The OT may be heavily influenced by the extent of tumors including their depth, extent of nodal metastasis and invasion of surrounding tissues. In the present study, tumors of patients whose OT was longer were found to be significantly more advanced. Accordingly, the proportion of patients experiencing postoperative complications was higher in patients who had a longer OT.
The surgical procedure for a total gastrectomy is usually more time-consuming compared with that for distal gastrectomy. Gastric tumors for which total gastrectomy is required were found to be significantly more advanced compared to those that could be treated with distal gastrectomy. As such, the OT for patients who had undergone total gastrectomy was significantly longer than that for patients treated with distal gastrectomy.
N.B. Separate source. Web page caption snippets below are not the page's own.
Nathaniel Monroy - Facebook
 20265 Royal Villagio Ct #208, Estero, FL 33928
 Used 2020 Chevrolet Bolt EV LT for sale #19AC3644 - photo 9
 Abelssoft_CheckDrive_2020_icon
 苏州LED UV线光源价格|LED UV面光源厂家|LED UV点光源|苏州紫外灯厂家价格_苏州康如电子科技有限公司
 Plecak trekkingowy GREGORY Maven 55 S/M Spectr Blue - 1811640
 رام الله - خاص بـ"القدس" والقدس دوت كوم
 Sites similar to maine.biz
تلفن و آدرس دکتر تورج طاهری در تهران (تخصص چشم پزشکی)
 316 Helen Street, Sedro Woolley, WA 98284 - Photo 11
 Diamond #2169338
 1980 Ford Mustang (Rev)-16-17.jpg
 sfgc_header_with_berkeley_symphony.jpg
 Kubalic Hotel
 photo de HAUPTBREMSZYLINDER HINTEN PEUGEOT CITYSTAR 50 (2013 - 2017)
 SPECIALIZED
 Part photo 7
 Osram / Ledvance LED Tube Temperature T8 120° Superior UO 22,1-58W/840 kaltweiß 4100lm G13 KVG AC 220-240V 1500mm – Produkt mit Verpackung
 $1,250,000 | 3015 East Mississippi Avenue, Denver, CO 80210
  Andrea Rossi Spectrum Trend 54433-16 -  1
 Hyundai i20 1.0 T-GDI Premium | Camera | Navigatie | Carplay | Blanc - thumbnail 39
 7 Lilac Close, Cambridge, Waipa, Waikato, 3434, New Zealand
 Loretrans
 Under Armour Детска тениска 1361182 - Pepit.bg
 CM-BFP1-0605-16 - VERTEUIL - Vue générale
Our results demonstrated that only the stage of the tumor but not the prolongation of OT was found to be a factor independently associated with prognosis of the patients with gastric carcinoma. Correlation of postoperative complications including anastomotic leakage with subsequent outcome of the patients with gastric carcinoma remains controversial (4,5). In the present study, although incidence of postoperative complications was significantly correlated with prolongation of OT, postoperative complications were found not to be a prognostic indicator in gastric carcinoma.
In conclusion, an effort to shorten the operative period might result in a decrease in postoperative complications, which may improve the clinical outcome of patients with gastric carcinoma. Thus, in spite of the non-significance indicated by the multivariate analysis, the prolongation of OT may indirectly and eventually worsen the outcome of patients with gastric carcinoma.